┌────────

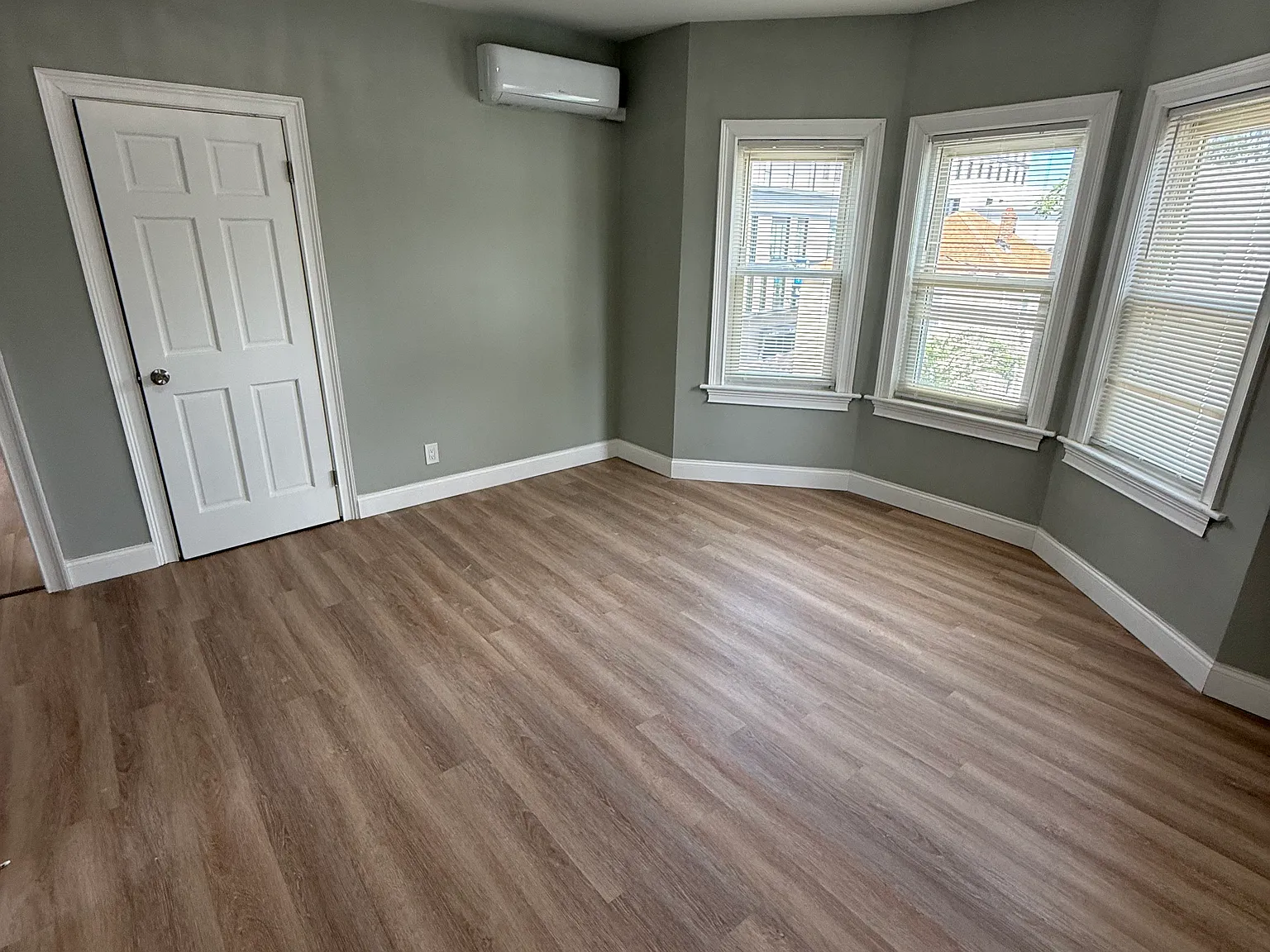 2 bed, 1000 sqft, $3,100 — Photo 3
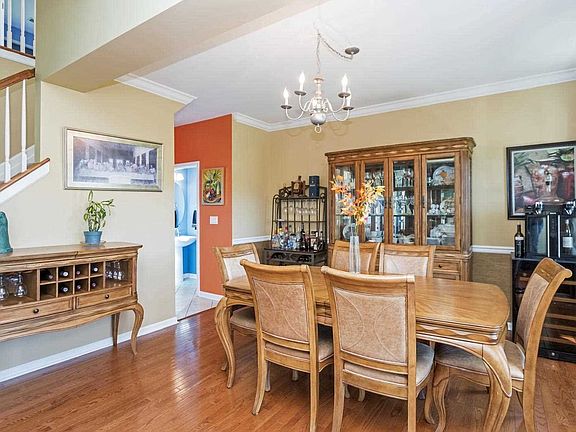 4th image of 8 Orchard Heights Dr
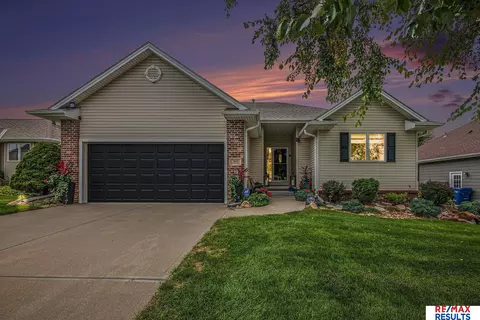 7810 S 166th St, Omaha, NE 68136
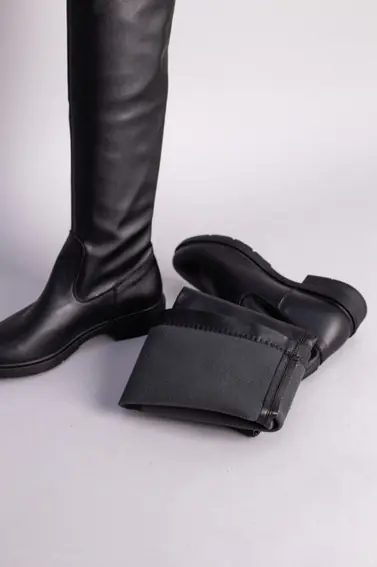 Демисезонные черные кожаные ботфорты фото 9 — интернет-магазин Tapok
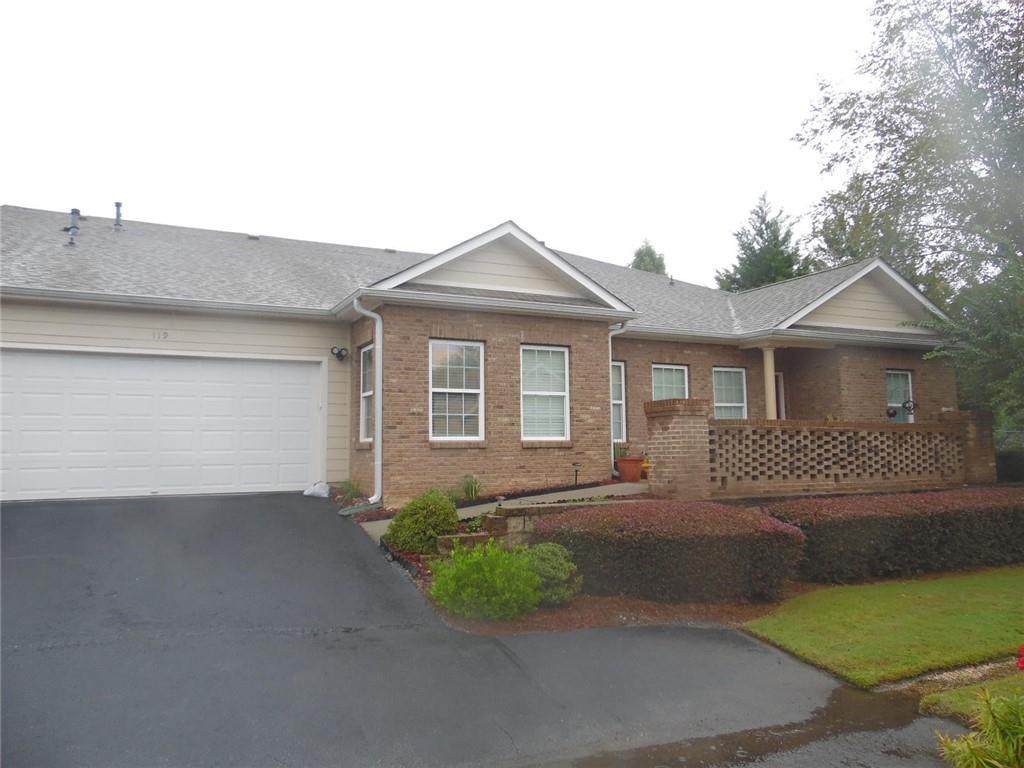 119 Villa Park Circle - Photo 1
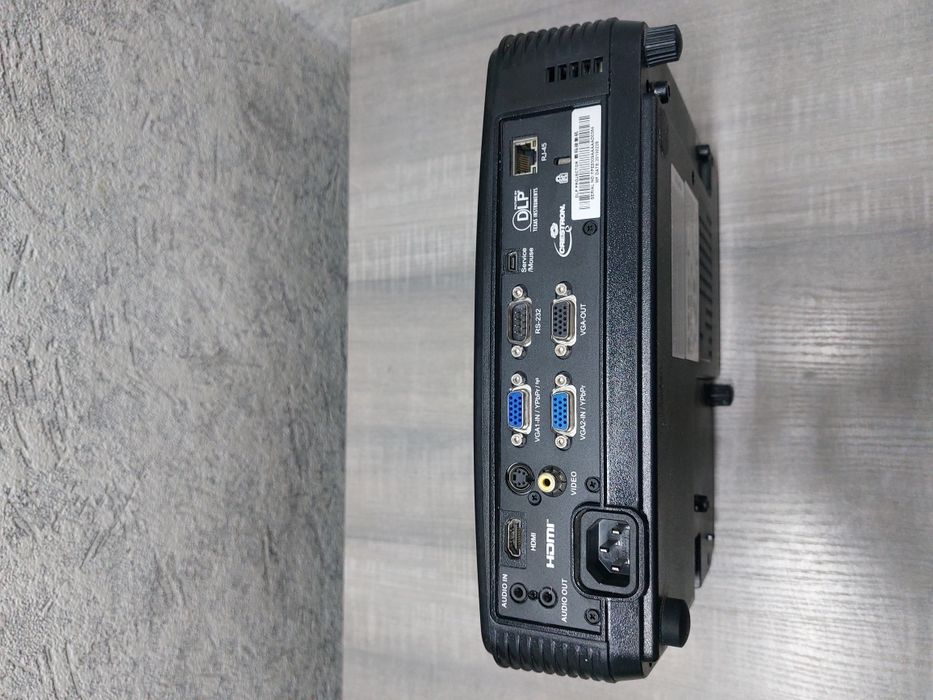 Optoma DX329
Проектор HDMI, USB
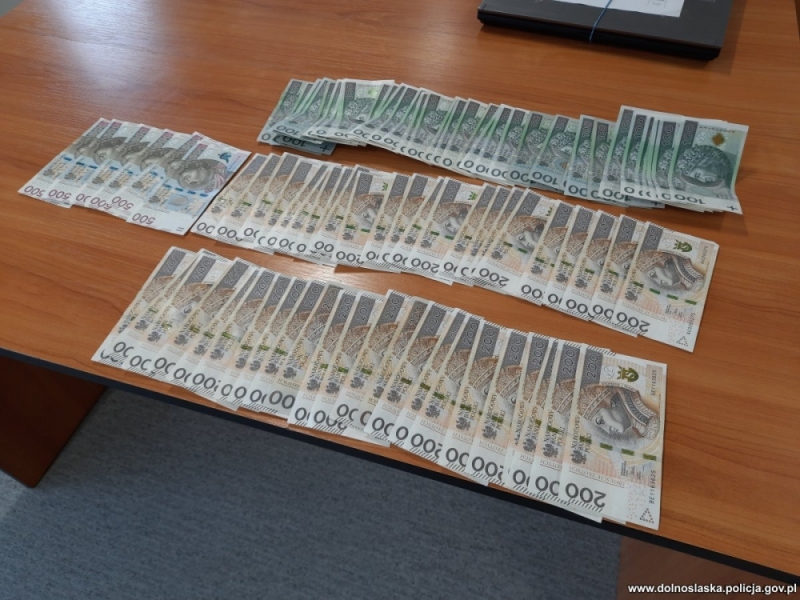 Była prezes banku i członkowie zarządu w rękach policji. Wyrządzili szkodę na 112 milionów złotych - fot. Dolnośląska Policja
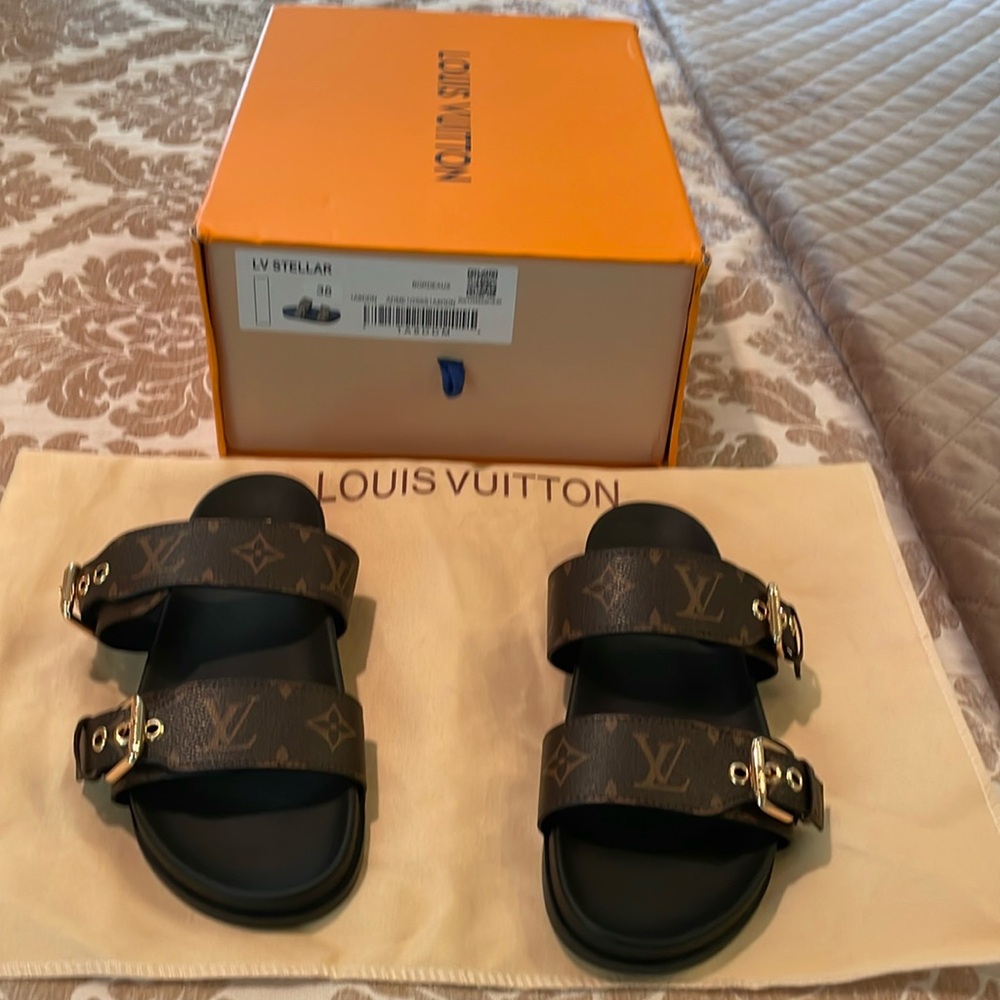 Louis Vuitton Brand New flat buckle slide sandal sz 38/8.   Box/Dust bag.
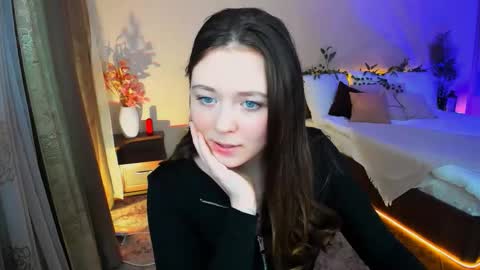 alluringeyess online show from 7, 11, 2025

└────────

REQUIREMENT -
With pictures omitted, copy exactly the lines from the one containing "Демисезонные черные кожаные" through the final line of the listing, both included.

EXERCISE ANSWER -
 Демисезонные черные кожаные ботфорты фото 9 — интернет-магазин Tapok
 119 Villa Park Circle - Photo 1
 Optoma DX329
Проектор HDMI, USB
 Była prezes banku i członkowie zarządu w rękach policji. Wyrządzili szkodę na 112 milionów złotych - fot. Dolnośląska Policja
 Louis Vuitton Brand New flat buckle slide sandal sz 38/8.   Box/Dust bag.
 alluringeyess online show from 7, 11, 2025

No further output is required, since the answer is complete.